Josey's family had deep roots in East Texas and the state. His great-grandfather signed the Texas Declaration of Independence.

Josey's father, Lenoir M. Josey, sold an ice company in Beaumont during the Spindletop era of the early 1900s to invest in drilling for oil. After succeeding in oil, Lenoir Josey moved the family into one of the first mansions in River Oaks.

Lenoir M. Josey II, Jack Josey's son, said people often mistakenly linked his father to the infamous stories of his grandfather's lifestyle as a flamboyant nightfly and gambler.

"My father was a businessman, war hero and a friend of education who many people admired," he said. "Whereas my grandfather was the wildcatter, my father went on to become a petroleum engineer, so he brought more technology to the oil field."

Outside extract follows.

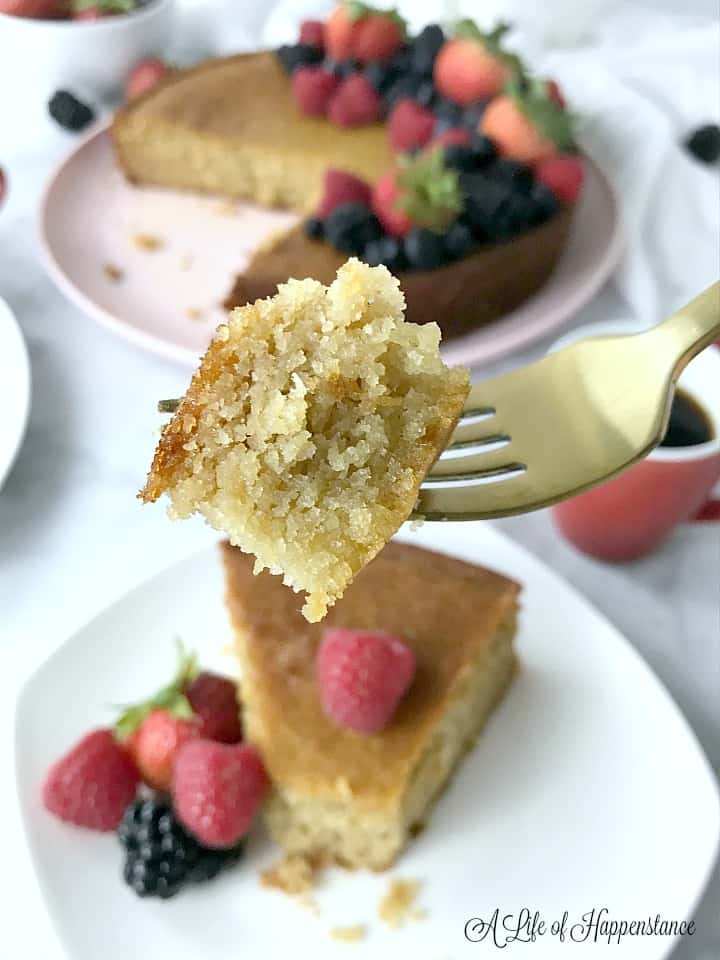 An up close photo of a forkful of almond flour cake with the rest of the dessert in the background.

Jack Josey grew up in Houston. He graduated from San Jacinto High School in the 1930s in the same class as Walter Cronkite. The two remained lifelong friends.

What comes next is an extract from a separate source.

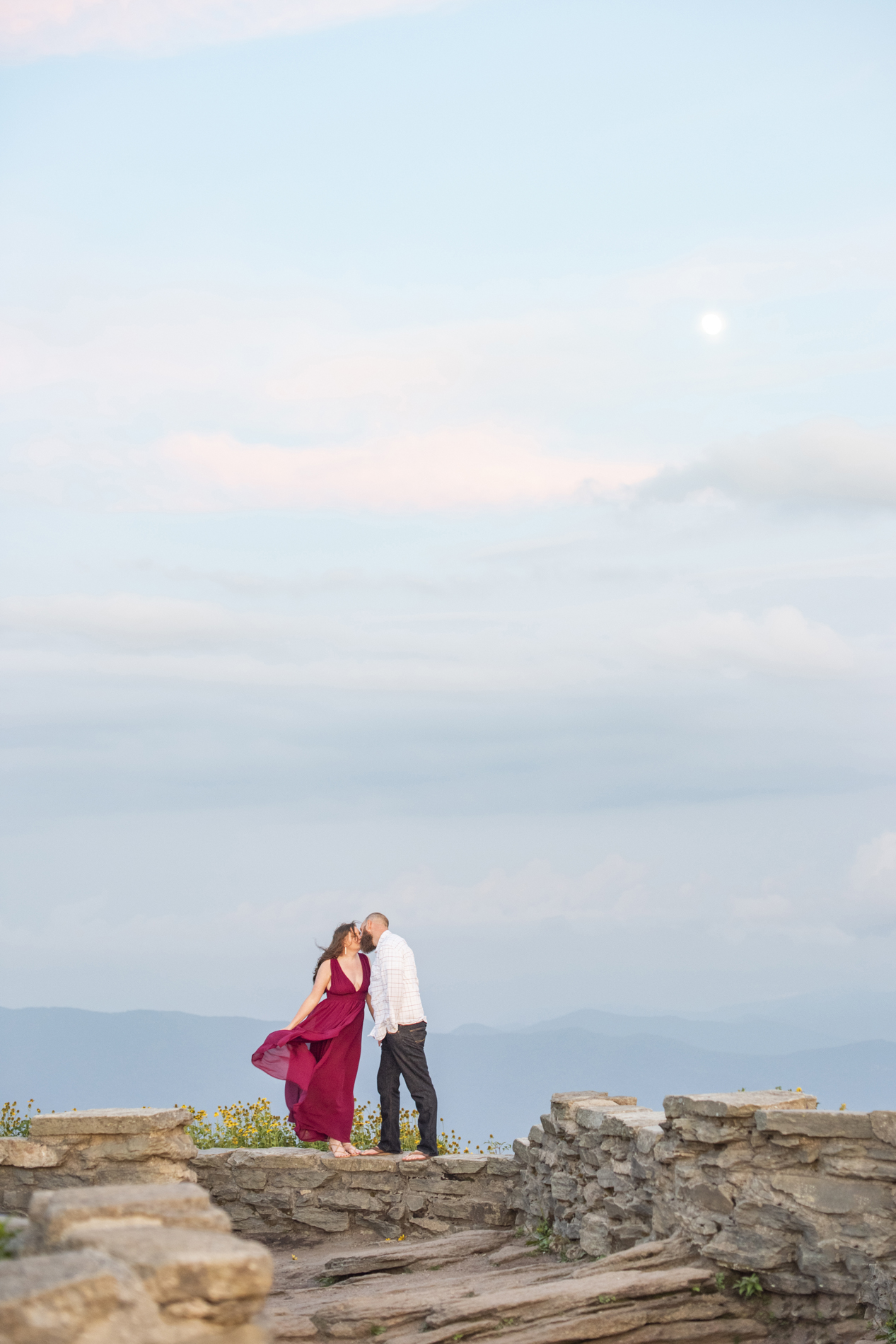 Craggy Gardens Engagement Photos of couple kissing with mountain views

Josey married his college sweetheart, Elva Johnson, and they had three children.

He worked for his father after graduation and volunteered to serve in the Navy after the bombing of Pearl Harbor.

He served as a gunnery officer on a destroyer escort during many battles in the South Pacific. He earned a Bronze Star for saving people during the sinking of an aircraft carrier, and he shot down kamikaze pilots attempting to destroy another carrier.

Josey loved to travel and collect art and antiques. He also sponsored dozens of scholarships anonymously.

He is survived by his wife, Donna; daughter Carolyn Josey Young; sons Robert A. Josey and Lenoir M. Josey II; stepdaughters Laurel Page, Donna Kurka, Emily Neuhoff and Virginia Redican; and stepson Joe O. Neuhoff III.